Tamara Grigoryevna Yufa was a renowned artist, illustrator and set designer. She was awarded the State Prize of the Karelian Autonomous Soviet Socialist Republic. She was born in 1937 in the village of Kolodeznaya in the Lipetsk region. Tamara Yufa graduated from the Leningrad Art and Pedagogical College in 1959. In 1960, she moved and began working in Karelia.
A wedding is a key event in one’s life. It is no wonder that folk wisdom holds that getting married is akin to being born again. In her artworks, Tamara Yufa captures the sacred significance of the wedding ritual for the bride. The maiden stands at the threshold of two distinct worlds: the bright world full of parental love and warmth, and the unknown, dark world of the new family, where the young bride becomes a daughter-in-law. According to traditional Karelian customs, the daughter-in-law had to perform the most laborious household tasks, and was often assigned the most challenging duties. Within the strict hierarchical structure of the family, the young wife would be able to “step up” only after the birth of her first child.
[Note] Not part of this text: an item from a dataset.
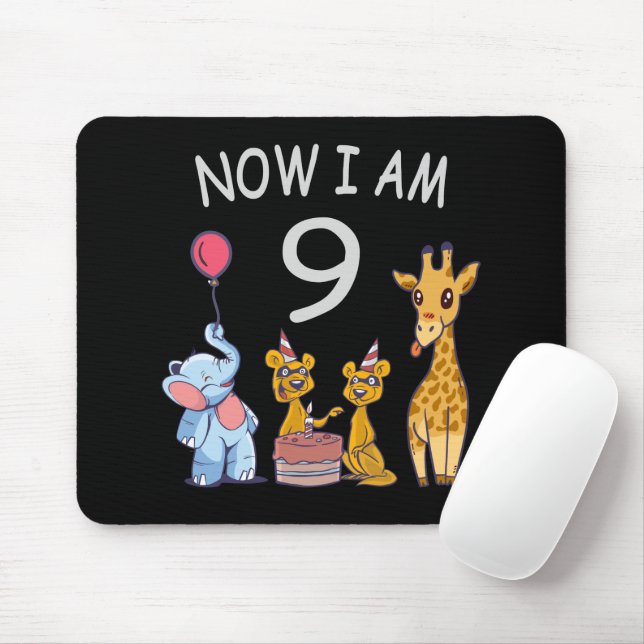 Now I am 9 years old 9th Birthday at the Zoo Mouse Mat (With Mouse)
It is no coincidence that lamenters were traditionally present at weddings. The lamentations expressed mainly grief at the departure of the bride from her family and home to the unknown house of her groom. The bride’s tears reflected her sorrow at the impending separation from her parents and family. Tamara Yufa’s poetic and philosophical work captures the transitional state of the bride. Her position was both transient and sacred, as it was believed that the maiden was, in a way, dying, and then at the wedding a young woman would be born. As a newlywed, she was vulnerable to the evil eye and negative thoughts, so her head was covered with a large veil to protect her from harm, with tassels hanging almost to the floor.
At a Karelian wedding, a sorcerer was always
present to ensure the correctness of the rituals. In the 19th century, Elias Lönnrot, while recording runes
and participating in rural ceremonies, noted how easily ancient pagan customs
and Christian beliefs coexisted among peasants. The multi-day wedding ceremony,
in accordance with ancient traditions, was interrupted for a church wedding service
and then the local sorcerer, or patvashka, would take over the ceremony again.
These traditions were prevalent everywhere in the North.